SVG@NAB Perspectives: Thomas Riedel Welcomes Visitors to “Closing Ceremony of Traditional Routing”
During what is likely to be the only press event at this year’s NAB Show to involve the use of a chainsaw, Riedel Communications founder Thomas Riedel applied the power tool to a symbolic wooden box router to mark what he described as the “closing ceremony of traditional routing”.
In explaining his reasoning, Riedel tracked the development of the MediorNet media signal distribution and processing family since its launch in 2009. Today there are some 2745 nodes in the market – but, crucially, MediorNet is now allowing broadcasters to implement traditional router-free, decentralised networks in their facilities. By way of example he pointed to the recent decision by AMP Visual TV to install MediorNet into a new fleet of DSNG production vehicles, with May’s Le Mans 24 race among the major sports commitments set to benefit.
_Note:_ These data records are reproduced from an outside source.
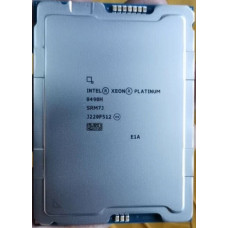 Процессор Intel Xeon Platinum 8490H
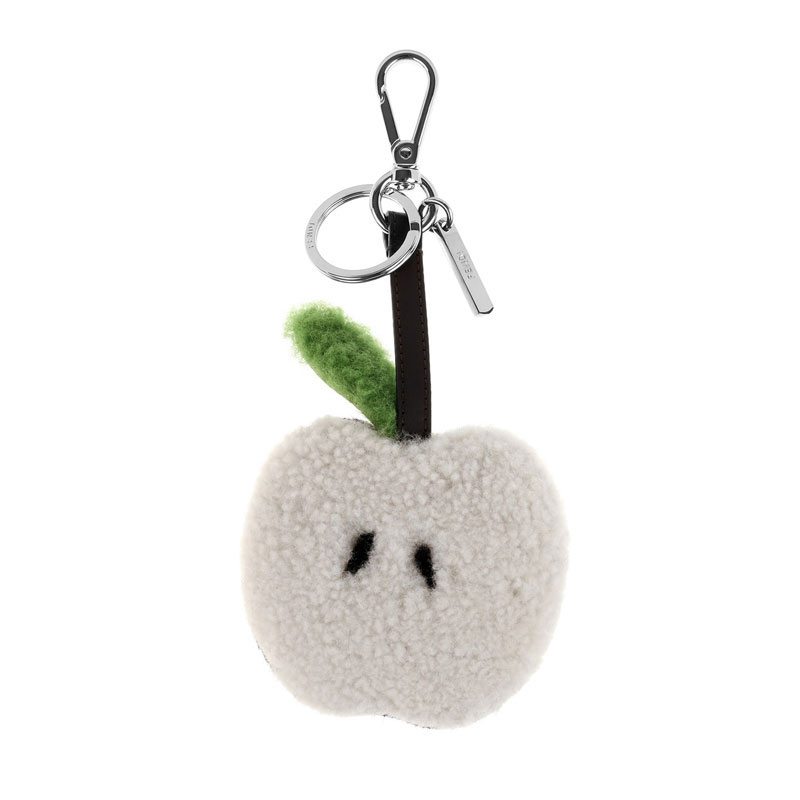 bag charm trend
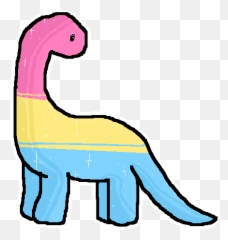 Pixilart - Animal Figure Emoji,Dinosaur Emoji
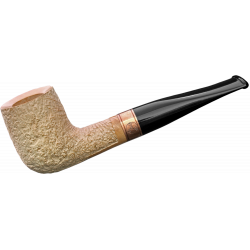 Rattray's Distillery Sandblast Natural 129 Pipe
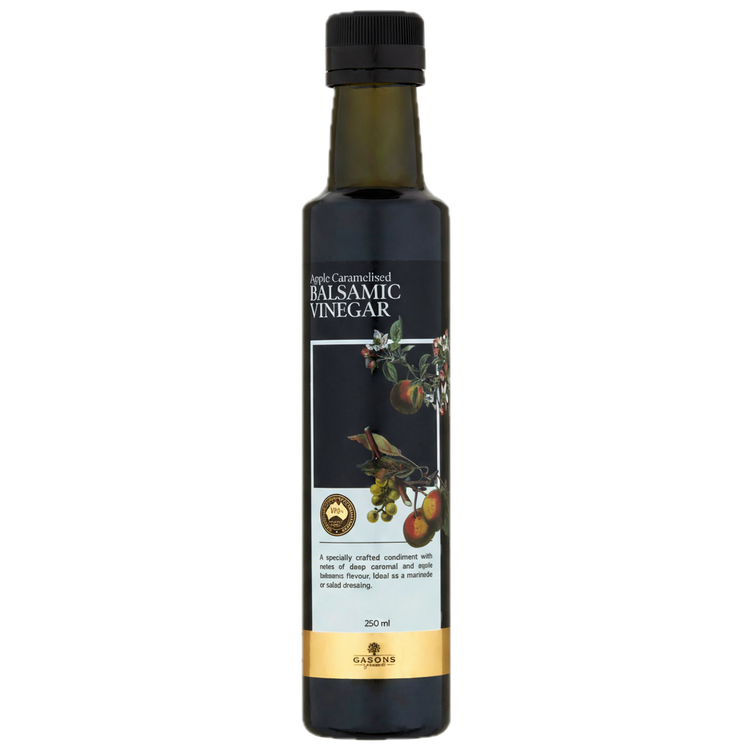 Gasons - Golden Apple Balsamic Vinegar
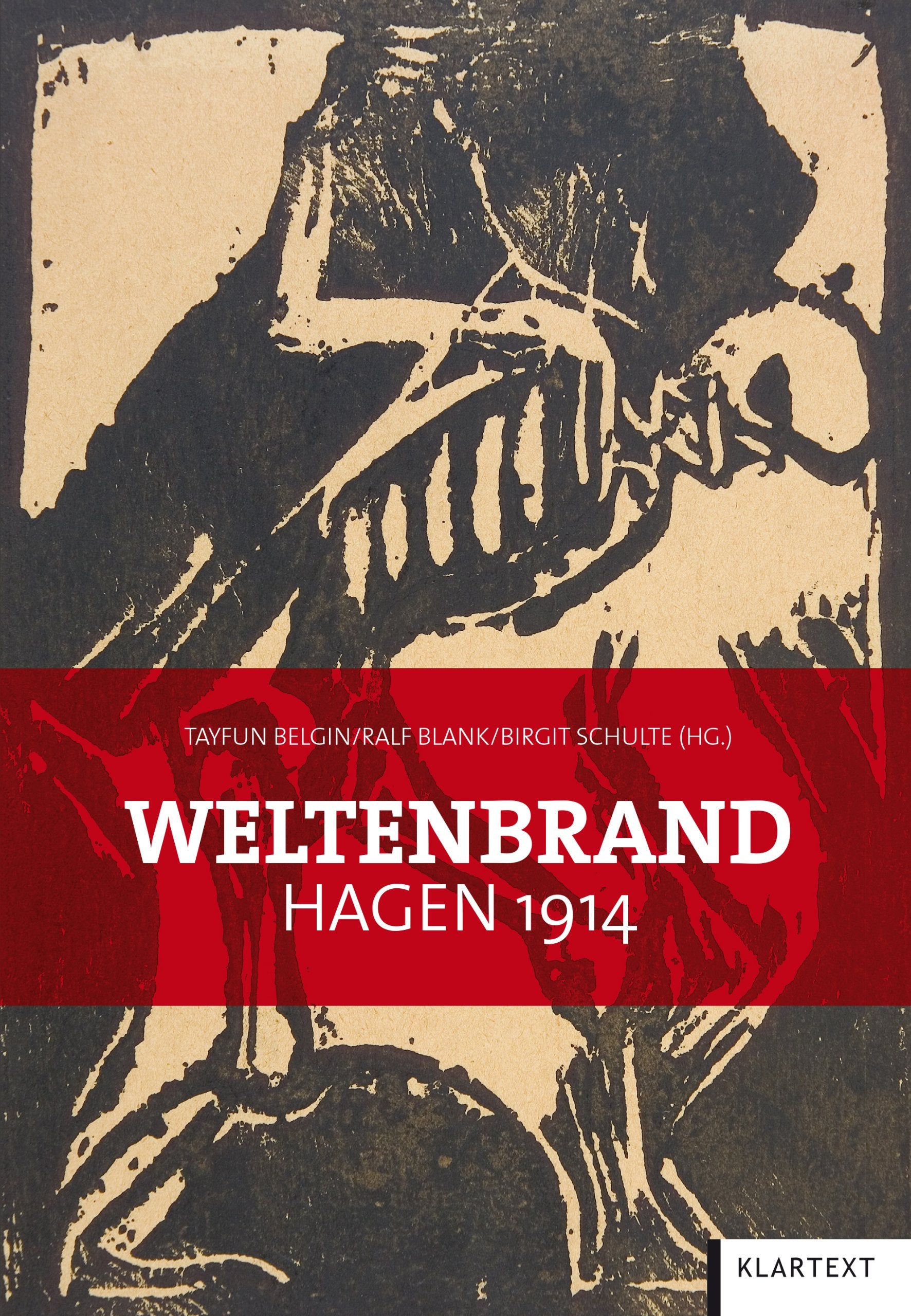 Weltenbrand: Hagen 1914 Politics & History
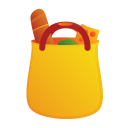 [No longer available] My Shopping List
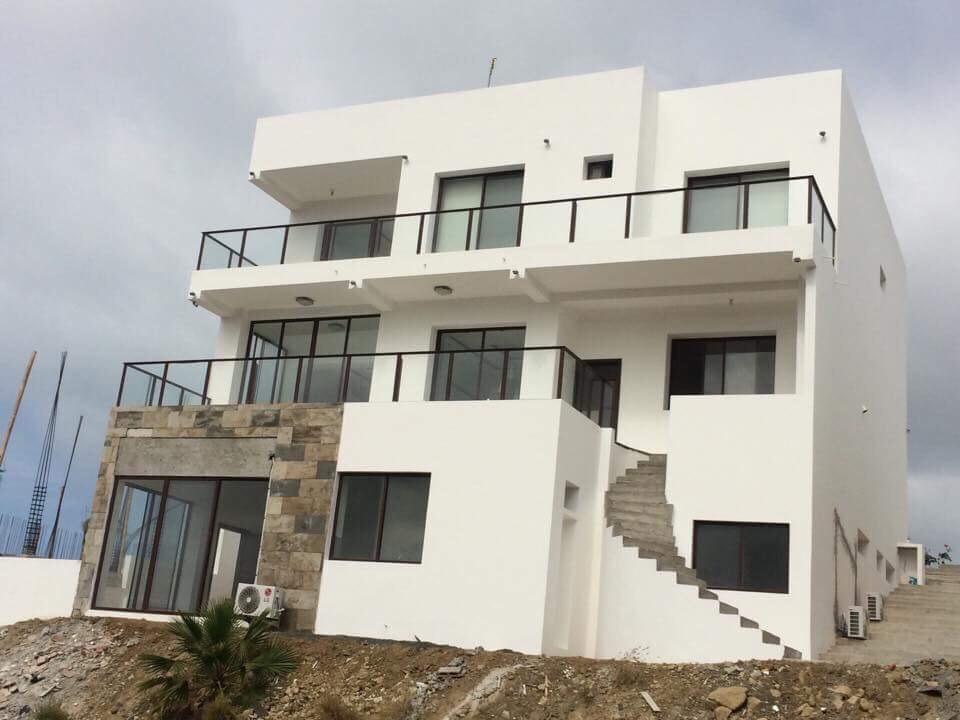 Departamento Suite Ciudad Del Mar Manta Exterior photo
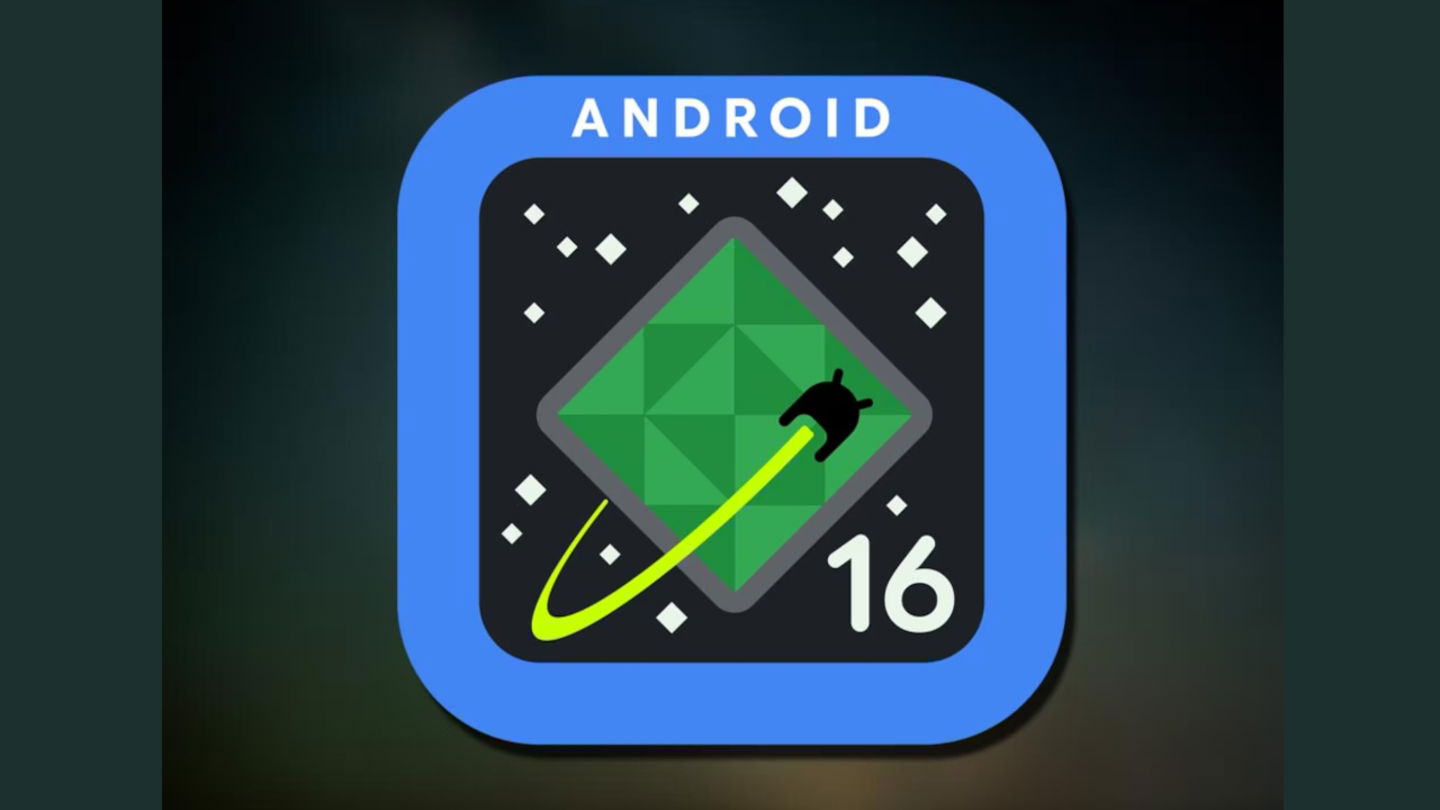 Android 16 Beta 3.2-portada
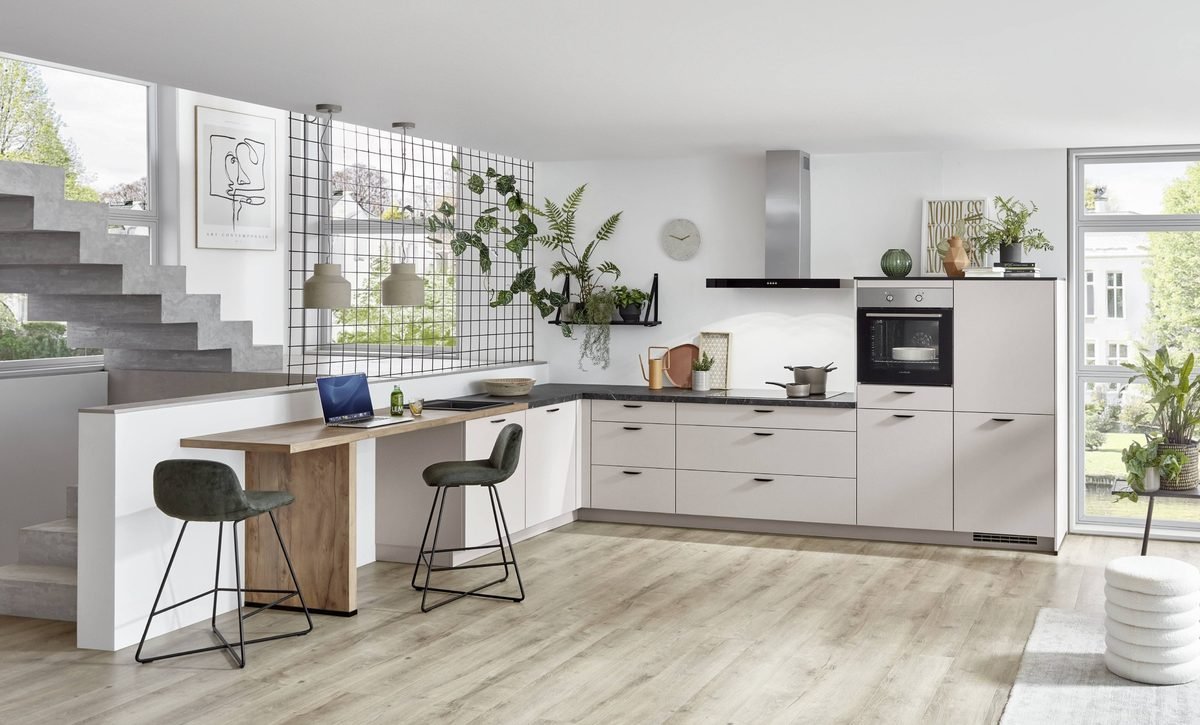 Kitchen Look 604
Riedel also took the opportunity to highlight the role that MediorNet will play in Japanese broadcaster NHK’s 8K productions at one of this summer’s major sports events.
Above all, he stressed that the German manufacturer is seeking to support broadcasters to “determine how quickly they want to migrate to IP” from the sphere of conventional routing. But – chainsaw in hand to the amusement of the NAB press contingent – he made it clear that he feels the IP transition will only continue to accelerate.
Meanwhile, new products introduced at this year’s show included the ESP-2324 Expansion Smartpanel for Riedel’s RSP-2318 Smartpanel multifunctional user interface. When connected to an RSP-2318 Smartpanel, the compact new expansion keypanel provides an additional 24 keys and four high-resolution multitouch colour displays that are said to be easy to read even at wide angles and in bright sunlight.